# A `qit` implementation of the CHIPPR algorithm

_Eric Charles & Alex Malz_

This notebook demonstrates a real use case of `qit`, to reproduce the results of [CHIPPR](https://arxiv.org/abs/2007.12178).

In [None]:
# imports
import numpy as np
import qp
import qit
from scipy.optimize import minimize
%matplotlib inline

## True redshift distribution $n^{\dagger}(z)$

First, we make a true distribution.  
For this simple example, it is just a Gaussian

`true_dist` = $n^{\dagger}(z) = p(z | \phi^{\dagger})$

In [None]:
# true distribution of redshifts
Z_TRUE_MIN, Z_TRUE_MAX = 0., 2.
LOC_TRUE = 0.60
SCALE_TRUE = 0.30

true_dist = qp.Ensemble(qp.stats.norm, data=dict(loc=LOC_TRUE, scale=SCALE_TRUE))
ax_true = true_dist.plot(xlim=(Z_TRUE_MIN, Z_TRUE_MAX), label=r"unnorm")

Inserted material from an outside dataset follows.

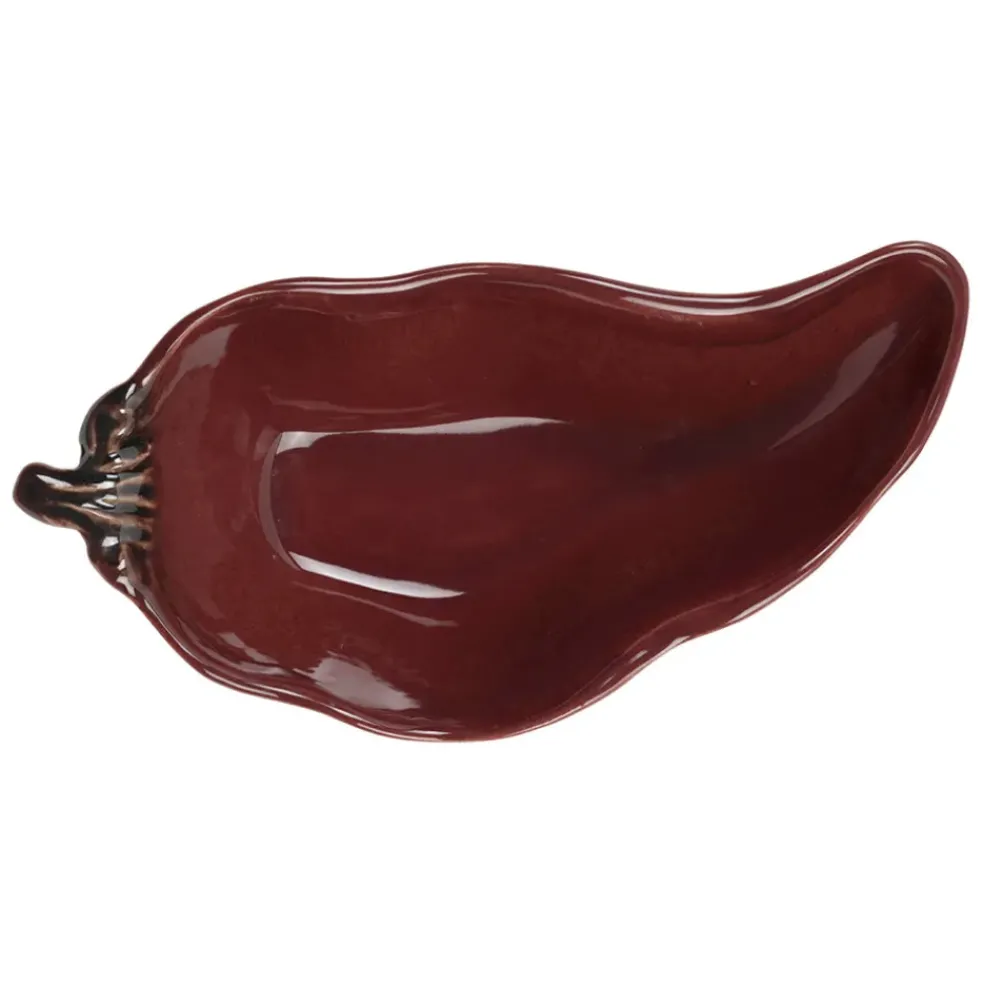 Coupelle piment en grès aubergine 18x8.5cm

## Implicit prior $n^{*}(z)$

Now we make the implicit prior.  
In our case it is similiar to the true redshift distribution, but slightly different.

implicit_prior = $n^{*}(z) = p(z|\phi^{*})$

In [None]:
LOC_PRIOR = 0.65
SCALE_PRIOR = 0.35
implicit_prior = qp.Ensemble(qp.stats.norm, data=dict(loc=LOC_PRIOR, scale=SCALE_PRIOR))
ax_prior = implicit_prior.plot(xlim=(Z_TRUE_MIN, Z_TRUE_MAX), label=r"unnorm")

## Model of physical likelihoods $p(d | z)$

Now we try a simplistic model for the behavior of the space of photometry and redshift $p(z, d)$.
A likelihood $p(d | z)$ in this space would correspond to a distribution over possible data $d$ for a true value $z$.
$d$ would be multidimensional in real life, one dimension per photometric filter, but we're assuming there's a unique projection of the photometry into a univariate $d$.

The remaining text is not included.